French Onion Atlantic Cod Baguettes
To cheese or not to cheese? The debate of whether or not to put cheese on fish has broken many friendships. At Iceland Catch we want to give everyone a chance to have a say in the debate. We’ve taken the classic flavors of French onion soup and turned them into a beautiful open-faced sandwich with our sweet tender cod as the star. You never know, this dish may just convert those “no cheese on fish people” in your life.
Serves 4
2 Tbsp. unsalted butter
3 Tbsp. olive oil, more for drizzling
3 large white onions, thinly sliced
Kosher salt and freshly ground black pepper
4 cod fillets
1 demi baguette, halved lengthwise and split
4 oz. gruyere, grated
¼ cup coarsely chopped fresh parsley
In a large heavy bottomed skillet melt the butter and 2 Tbsp. oil over medium low heat. Add the onions and a large pinch of salt. Cook, stirring, until the onions are completely soft and browned throughout, about 20 minutes.

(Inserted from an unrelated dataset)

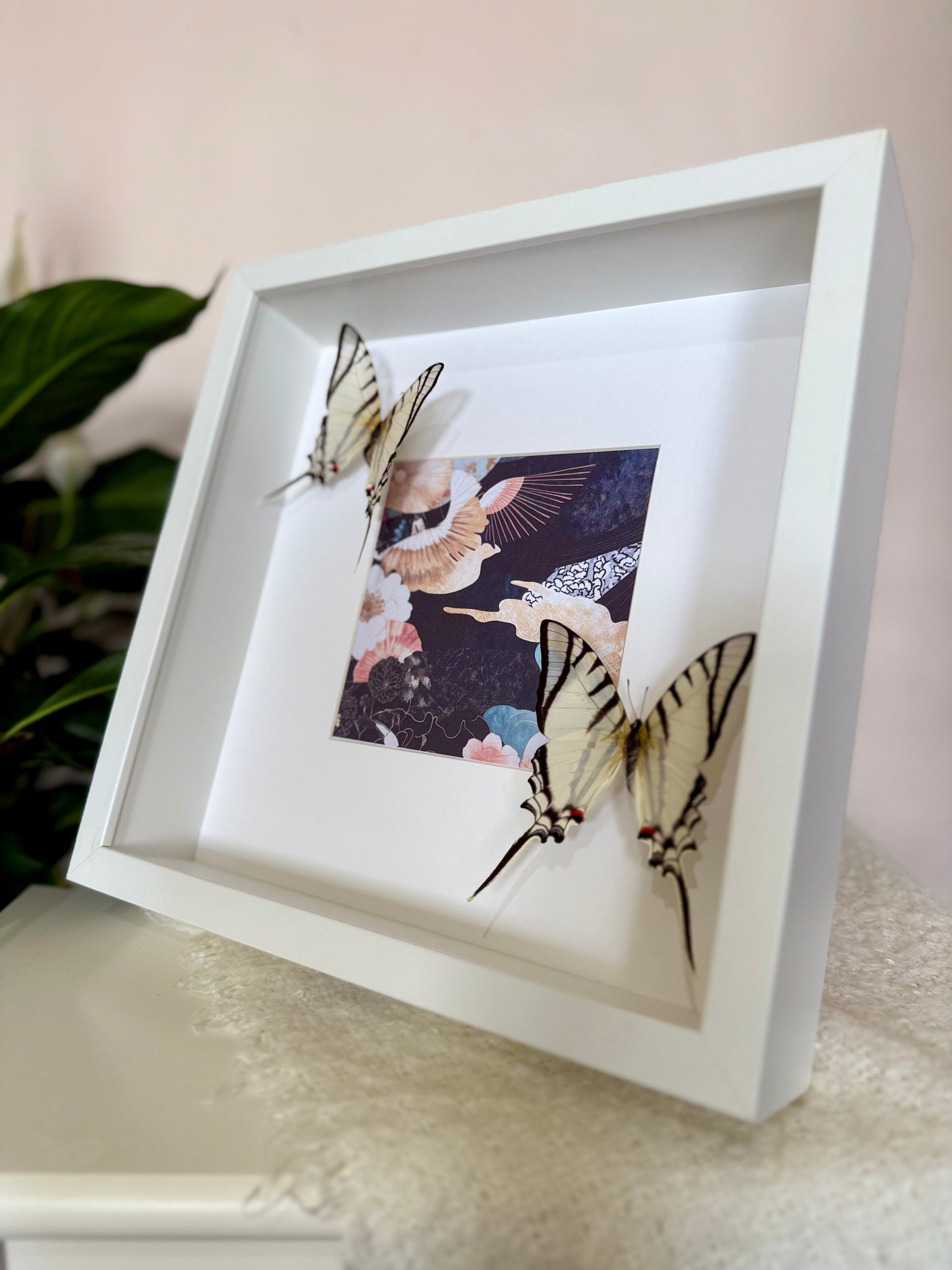 Great Kite Swallowtail Photo Frame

Transfer the onions to a bowl and add the remaining Tbsp. oil and raise the heat to medium-high. Season the cod fillets with salt and pepper. Sear the cod until golden, about 4 minutes, then flip and sear the other side, about 4 minutes.
Heat the oven to broil. Place the baguette halves cut side up on a large rimmed baking sheet.
Drizzle the tops with a little olive oil. Transfer each cod fillets to a piece of bread. Top with a quarter of the caramelized onions and sprinkle with the gruyere. Broil until the cheese is melted and bubbling, about 4 minutes.
Transfer to a plate and sprinkle with the parsley.